We aligned the reconstructed dense cloud point with the ground-truth grid and compared the reconstruction accuracy while ensuring the same alignment accuracy. As shown in
Table 7, we compared three sets of reconstructed data, and the results all show that the dense point clouds obtained using sSGM have a higher accuracy, which is mainly manifested as a smaller max. distance, a smaller average distance, and a lower Sigma value. There are two reasons for the smaller maximum distance. One is that sSGM has semantic perception capabilities and can judge depth continuity based on semantic consistency, which greatly improves the reconstruction accuracy of the edge areas of objects. The second reason is that we can perform directional output according to the semantic attributes contained in the reconstructed dense point clouds, thereby excluding some outliers and errors. A lower Sigma value indicates that the sSGM method can improve the overall accuracy. We also compared this method with the current mainstream PatchMatch method, and the results are shown in
Figure 12.
Figure 12 shows the reconstruction results of Tsinghua Xuetang as an example. We compared the sSGM method to the original SGM and PatchMatch methods. It is evident that in the point clouds obtained using the SGM and PatchMatch methods, the trees and building sides on both sides of the door are mixed together. However, the point cloud reconstructed by using the sSGM method can well separate the trees and building sides. Moreover, for the eaves of the building, the reconstruction error of the sSGM method is also smaller. We calculated the statistics related to the reconstruction accuracy of the three methods for the three datasets by performing an error analysis of the three models and averaging the results. The results are shown in
Table 8.
As can be seen from
Table 8, after adding semantics to the SGM method, the reconstruction accuracy is greatly improved, and the reconstruction results are better than the reconstruction results of the mainstream method PatchMatch. The max. distance may be affected by gross errors, so we compared the average distance. The accuracy of sSGM is 32.79% higher than the original SGM method, and 63.06% higher than the PatchMatch method. This is mainly reflected in the smaller distance error from the ground-truth mesh. The error caused by outliers is smaller. Our experimental results are therefore consistent with our theoretical design. After obtaining the dense point clouds, we performed a mesh reconstruction operation.

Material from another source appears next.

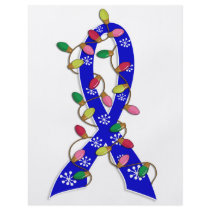 Child Abuse Christmas Lights Ribbon Flyer Design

Figure 13 shows the results of mesh reconstruction from dense point clouds generated by three methods. We can find that compared to the original SGM method and the PatchMatch method, the point clouds obtained by the sSGM method have better results in the mesh reconstruction process. Buildings can be completely and independently reconstructed using the sSGM method. The original SGM method is insensitive to the location of depth mutations and inaccurately reconstructs a part of the sky at the edge of the building. The sSGM method that we proposed can well judge the depth continuity of adjacent pixels through the semantically optimized penalty term, so it can obtain high reconstruction accuracy at the edge of the building.

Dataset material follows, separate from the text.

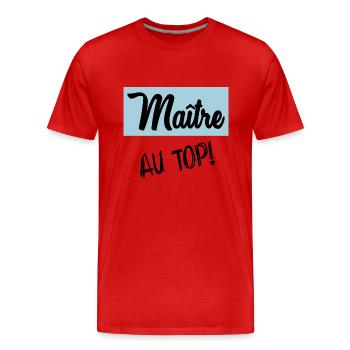 MASTER. THANK YOU. THANK YOU, MASTER. MASTER. MASTER GIFT - Men's Premium Organic T-Shirt - red - Front - Damien (186cm)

During the mesh reconstruction process, the point clouds obtained by sSGM can avoid simply connecting all points. Both the SGM method and the PatchMatch method inevitably reconstruct the building and other objects (such as bicycles, bushes, etc.) into a mesh as a whole. Thanks to the semantic information that we incorporated into the reconstruction process, the dense point clouds obtained by the sSGM method can improve the accuracy of subsequent mesh reconstruction.